Hotrod Magazine Slant Six Build Up

Great article. They certainly put a lot of time into it, probably collecting parts for years before running the tests. I recall another Hot Rod article ~10 yrs ago where they compared cast-iron and aluminum slants on the drag strip. Surprisingly, the cast-iron did as well, which they attributed to the stiffer block preventing cylinder distortion at max power. That is comforting for those who don't want to search for the elusive aluminum block head gaskets and such, or repeat the failures they suffered with their aluminum block.

I'm not reading 7 factual errors in SSD's analysis, just a few things that could have been cleaned up in editing or clarification added at the expense of brevity. Anybody who works with cars knows that a 1976 to 1977 change could be +/-6 months on the production line and thus better to pick 1975- engine parts to be safe. My biggest question is that it appears they used hydraulic lifters in their 1972 engine, based on the photo of valve timing components (unless some solid lifters had a side hole). Is that the real reason they had to buy shorter push-rods? Unlikely they would make that mistake.

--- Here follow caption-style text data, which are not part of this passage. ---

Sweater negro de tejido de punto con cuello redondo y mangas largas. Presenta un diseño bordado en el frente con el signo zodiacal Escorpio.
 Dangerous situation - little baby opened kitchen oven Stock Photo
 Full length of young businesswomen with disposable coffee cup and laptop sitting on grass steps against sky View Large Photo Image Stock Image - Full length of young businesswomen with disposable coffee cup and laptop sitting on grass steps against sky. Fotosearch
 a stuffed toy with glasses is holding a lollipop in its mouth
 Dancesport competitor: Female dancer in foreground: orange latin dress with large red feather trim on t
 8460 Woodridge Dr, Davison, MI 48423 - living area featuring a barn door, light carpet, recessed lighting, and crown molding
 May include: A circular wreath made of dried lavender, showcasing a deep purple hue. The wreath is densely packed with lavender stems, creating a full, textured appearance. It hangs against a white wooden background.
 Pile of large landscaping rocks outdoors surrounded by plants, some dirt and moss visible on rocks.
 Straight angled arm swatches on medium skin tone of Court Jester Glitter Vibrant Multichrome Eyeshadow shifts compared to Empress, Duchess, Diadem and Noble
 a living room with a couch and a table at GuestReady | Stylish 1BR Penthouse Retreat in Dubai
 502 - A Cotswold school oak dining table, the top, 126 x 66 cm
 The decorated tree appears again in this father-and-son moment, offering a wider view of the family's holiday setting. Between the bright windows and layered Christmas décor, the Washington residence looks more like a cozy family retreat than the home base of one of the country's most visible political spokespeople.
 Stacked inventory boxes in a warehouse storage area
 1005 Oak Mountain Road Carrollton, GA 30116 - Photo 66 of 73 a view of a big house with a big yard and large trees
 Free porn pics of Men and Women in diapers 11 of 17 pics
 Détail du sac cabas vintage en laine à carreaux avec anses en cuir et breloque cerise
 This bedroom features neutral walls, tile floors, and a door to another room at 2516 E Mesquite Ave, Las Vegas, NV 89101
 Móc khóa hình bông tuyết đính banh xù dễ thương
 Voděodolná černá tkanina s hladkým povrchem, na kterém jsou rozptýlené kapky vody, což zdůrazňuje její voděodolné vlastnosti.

If anyone wants to get peev'ed, watch the slant-six Duster episode on Hot Rod TV where the mechanic with bad teeth keeps grumbling that you can't do anything with the (snicker) leaning-tower-of-power and the owner is a fool to want to keep it stock. Contradicting himself? No, he really means toss the 6 for a V-8 (preferably SBC), which wasn't the title. Not everybody is stupid enough to drive fast and die young, just do what the customer wants, racin boy.